The Tucker Maxon School is an educational institution based in Portland, Multnomah County, Oregon, United States, which assists children who are deaf or hard of hearing, as well as children with typical hearing, in a co-enrolled classroom environment. Tucker Maxon is a 501c(3) non-profit corporation governed by a 14-member Board of Directors and managed by a 30+ member staff and faculty.

==History==
Tucker Maxon School was founded in 1947 by Stoel Rives attorney Paul Boley, a pioneer in oral education and related technology, and five Portland families who dreamed of providing their deaf children with the gift of speech. Boley’s daughter Barbara Ann contracted meningitis and lost her hearing at the age of 18 months. Initially, the Boleys enrolled their daughter in the preschool program at Portland’s Hosford Public School for Deaf Children.
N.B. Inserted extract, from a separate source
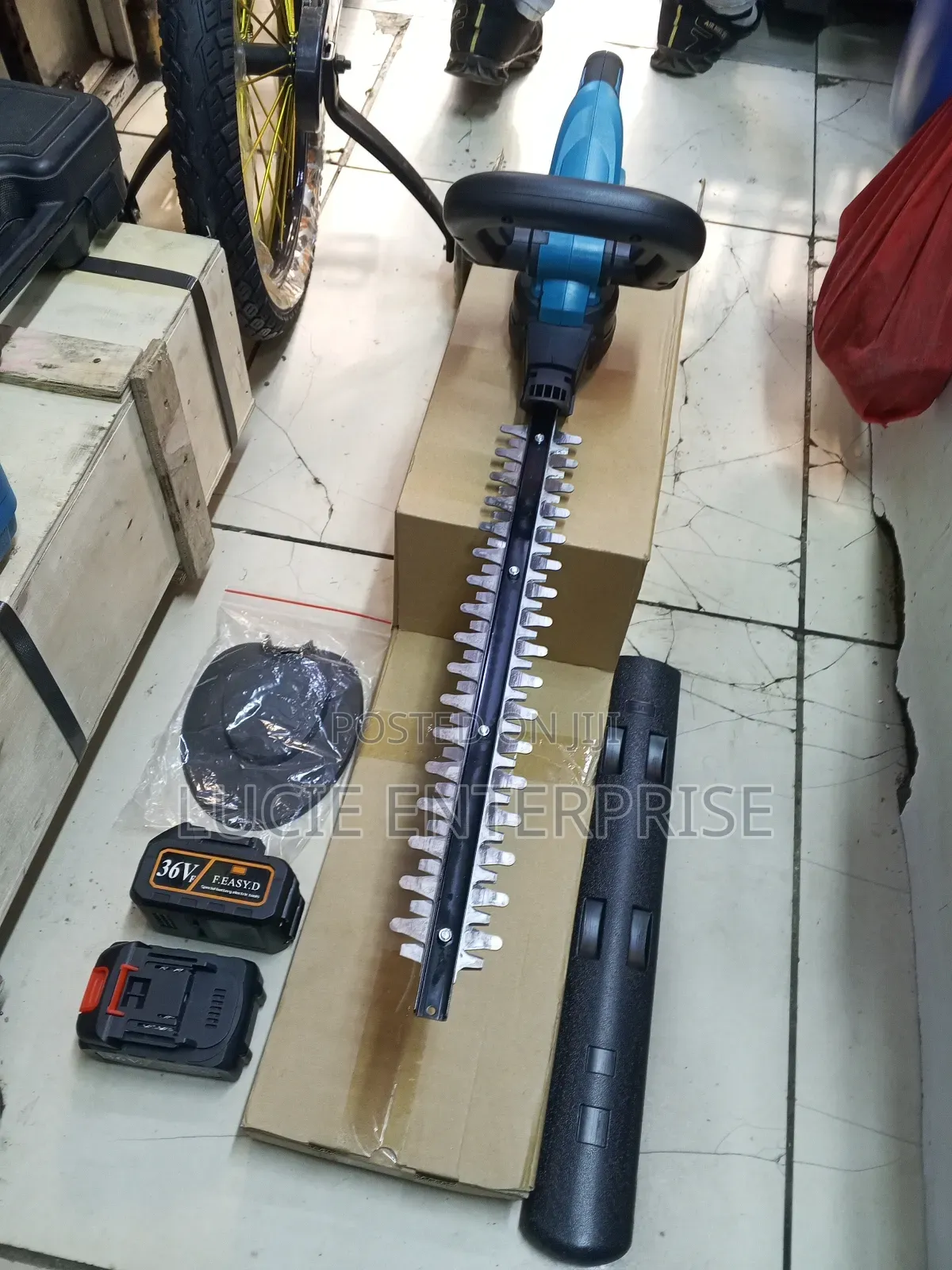 Hedge Trimmer/ Makita Cordless Hedge Trimmer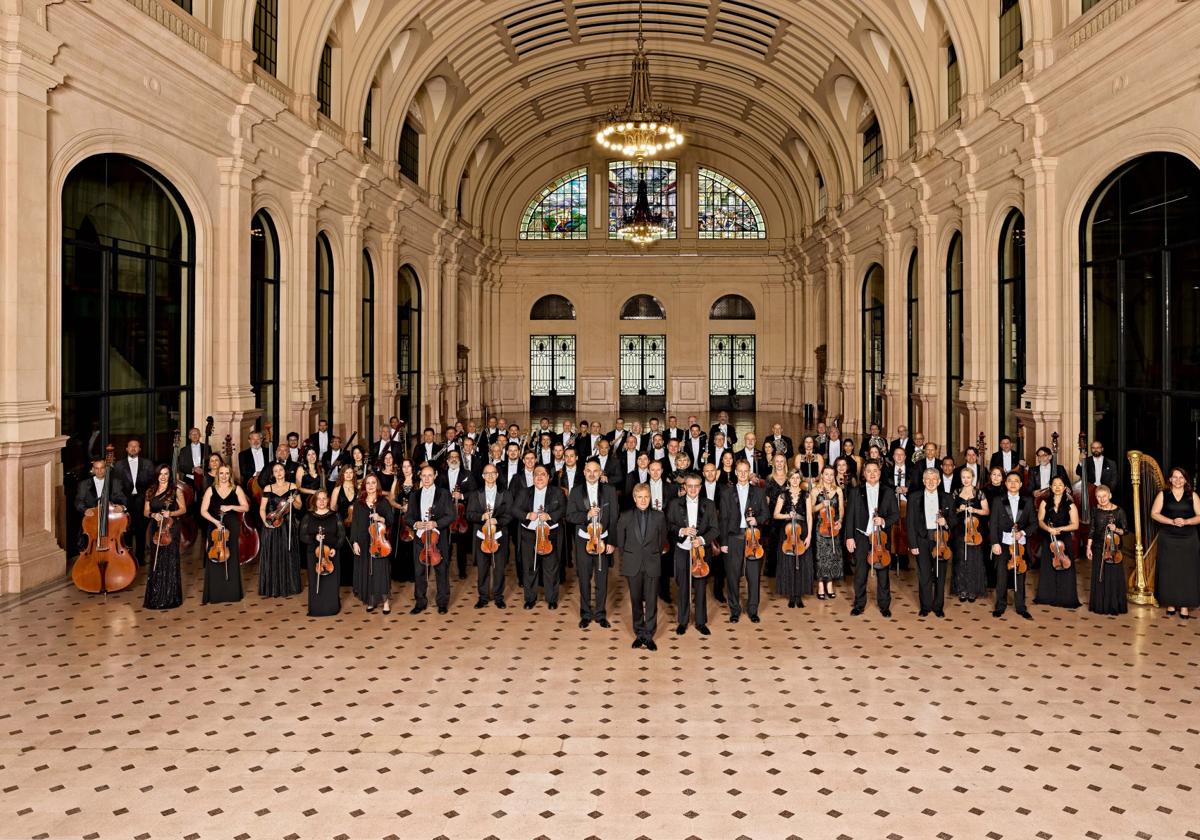 La Orquesta Sinfónica del Estado de São Paulo (OSESP) celebra su setenta aniversario.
At Hosford, he was introduced to instructor Alice Maxon, who believed "Deaf children can talk”.

Boley toured oral schools in the Midwest and on the East Coast, and was particularly impressed with the Wright School, Helen Keller’s Alma mater. At the suggestion of the president of the Wright School, Boley began to dream of opening a small school in Portland where his daughter and other deaf children could learn to speak.
. At Boley’s request, the president of Cascades Plywood Corporation, Max Tucker, sponsored the school during its earliest years, and made sizable donations which allowed Tucker Maxon to build and open its first school building in 1953. The building was designed by architect Pietro Belluschi. In 1963, Tucker Maxon opened their second building with classrooms, offices, and a gymnasium.

In 2014, the school began Tucker Arts Camp that focuses on art, music, dance, sculpture, film, photography and the culinary arts each summer. The camp focuses on a different country or continent each week for 8 weeks. In 2015, 2017 and 2018, Tucker Maxon was named one of the Top 100 Nonprofits in Oregon

==Educational Approach==
Tucker Maxon is one of approximately 40 schools that teach children who are deaf to speak. Tucker Maxon began co-enrolling students who were not deaf or hard of hearing in the mid-1980s, when it leased space to a neighborhood preschool. Tucker Maxon formally adopted co-enrollment in 2002, when it extended enrollment to include students with typical hearing, and became one of the first schools in the country to co-enroll students with hearing loss and those with typical hearing. At Tucker Maxon students with hearing loss do not use sign language, even though sign language acquisition has been proven to be critical for the cognitive and psychosocial functioning of deaf children; instead, they use assistive technologies such as cochlear implants with FM transmitters and hearing aids, under the guidance of trained professionals, and they listen, talk, play, and learn alongside their hearing peers.

In 2013, Tucker Maxon was evaluated by OPTION Schools Inc. and exceeded the organization’s standards for Listening and Spoken Language schools.

==Affiliations==
The Tucker Maxon School is affiliated with the Oregon Health Sciences University's Oregon Hearing Research Center (OHRC).